E.g. getting symqemu running is so far failed by Jonathan and me individually.
I'm not sure failed is the right word for this. I just had other things to do and forgot. But I'll try to finish #1062 soon.
In other experiments - did e.g. afl++ in the experiment have cmplog enabled and which version was it tested against? Impossible to know.
I therefore propose to archive private experiments and make these available 6 months later - unless the requestor actively announces this should not be done.
Given the glacial pace of academia, I'm not sure 6 months is long enough. Maybe instead of having a hard timeline we can just make them public after the paper is published. What do you think of this? I'll start by asking symqemu folks if it's OK that I do this with their's
Many academic papers user fuzzbench to evaluate their contributions vs other fuzzers. Rarely (as in "I have never seen this done but it might have happened without me having noticed") however the testing setup and the Dockerfile of the new fuzzer is made available. This makes assessing and reassessing papers impossible. E.g. getting symqemu running is so far failed by Jonathan and me individually.
I'm not sure failed is the right word for this. I just had other things to do and forgot. But I'll try to finish #1062 soon.
yeah same for me. I was exaggerating a bit :)
In other experiments - did e.g. afl++ in the experiment have cmplog enabled and which version was it tested against? Impossible to know. I therefore propose to archive private experiments and make these available 6 months later - unless the requestor actively announces this should not be done.
Given the glacial pace of academia, I'm not sure 6 months is long enough. Maybe instead of having a hard timeline we can just make them public after the paper is published. What do you think of this? I'll start by asking symqemu folks if it's OK that I do this with their's
I thought more of an automated process that does not need hands-on unless the requestor says no (or sets a yaml "dont_disclose: true"). following up each experiment with which paper that is in is hard I think.
Thanks for bringing this up @vanhauser-thc! I agree, private experiments should be made public once the paper is accepted/published with the authors' approval.
I thought more of an automated process that does not need hands-on unless the requestor says no (or sets a yaml "dont_disclose: true"). following up each experiment with which paper that is in is hard I think.
This would be hard to automate as it should happen once the authors confirm that the paper is accepted for publication, and not after a fixed period of time. Authors would most likely prefer a system where they can say when to publish, as opposed to "data gets auto-published after some time unless authors remember to prevent it".
I agree. It would be good if private experiments, specifically those that are presented in the paper are ultimately published after the paper is accepted.
- Not all experiments need publishing. Some experiments never appear in a paper. Some experiments are just part of the prototyping or debugging. For a peer-reviewed and published paper, the experiments with key results should be sufficient. The authors should be able to choose that experiment.
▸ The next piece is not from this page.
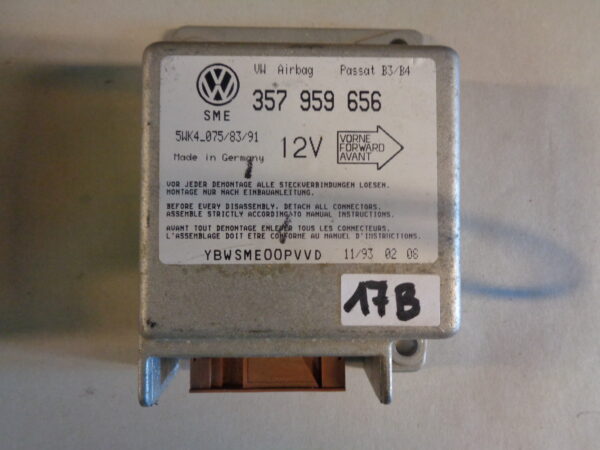 Airbagsteuergerät 357959656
- Such a policy and its benefits should be well documented. Authors should know that they are going to consent to publishing one of the experiments if it results in a peer-reviewed publication. They should also know how this will benefit the community and reproducibility.
- At the end of the day, the authors should be able to approve and choose that experiment which is going to be published.
- Authors are welcome to link the paper, DOI, and other artifacts in the final report.
I'll start by asking symqemu folks if it's OK that I do this with their's
Absolutely yes (cc @aurelf)! I've been meaning to clean up the integration scripts and create a pull request anyway, but so far I haven't found the time. @jonathanmetzman do you have an easy way to publish the final configuration that you ran the experiments with? Otherwise I can piece it together from our email exchange at the time.